Description of the task —
Would you please copy all of the data exactly, skipping the images?

(Source records)

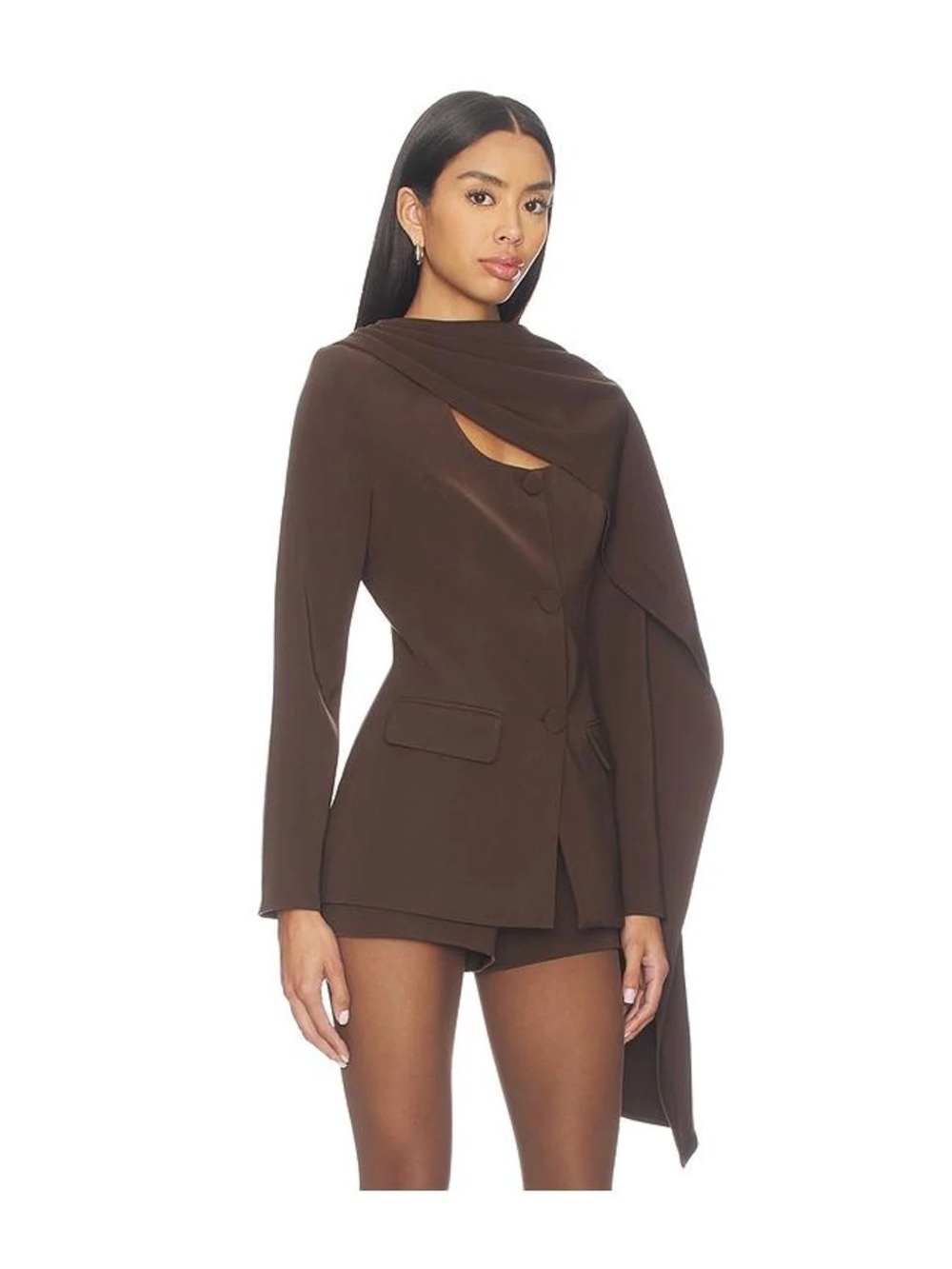 Line and Dot Revolve Nimah Scarf Chocolate Brown Blazer Size Small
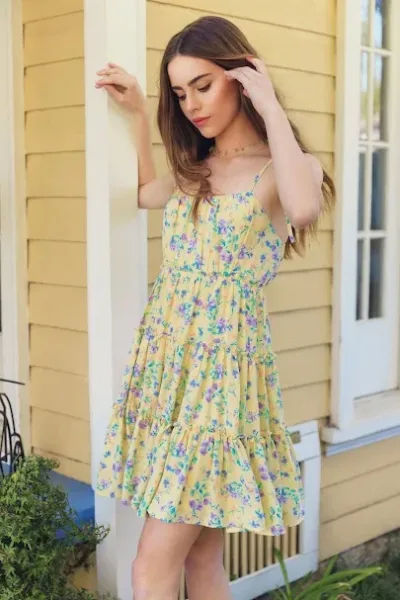 Vestido para dama diseño floral color amarillo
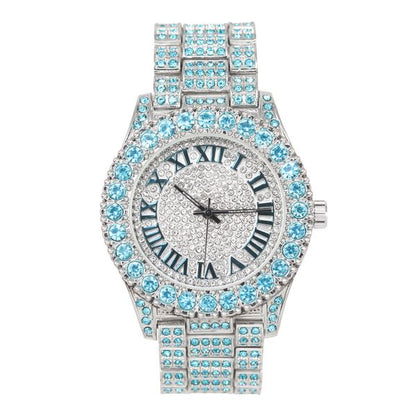 Iced Out Ladies Metal Band Watch -  8719L-MB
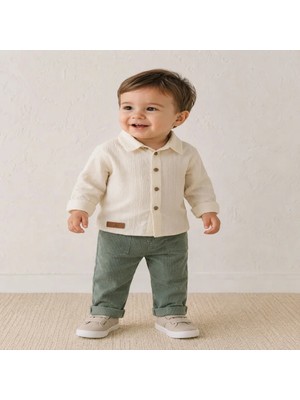 Almira Anne Bebek Erkek Bebek Müslin Kumaşlı Gömlek- Pantolon Takım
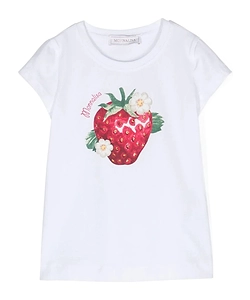 Monnalisa Fruit-Printed Crewneck T-Shirt
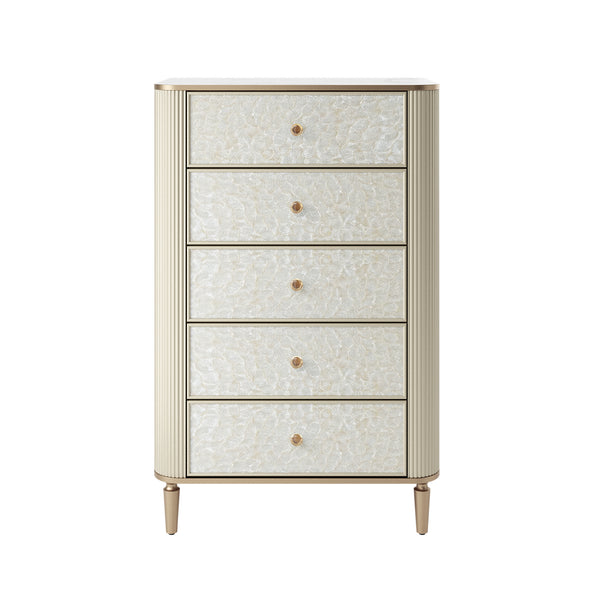 Nacre 5-Drawer Chest with Marble-Style Top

Task output —
 Line and Dot Revolve Nimah Scarf Chocolate Brown Blazer Size Small
 Vestido para dama diseño floral color amarillo
 Iced Out Ladies Metal Band Watch -  8719L-MB
 Almira Anne Bebek Erkek Bebek Müslin Kumaşlı Gömlek- Pantolon Takım
 Monnalisa Fruit-Printed Crewneck T-Shirt
 Nacre 5-Drawer Chest with Marble-Style Top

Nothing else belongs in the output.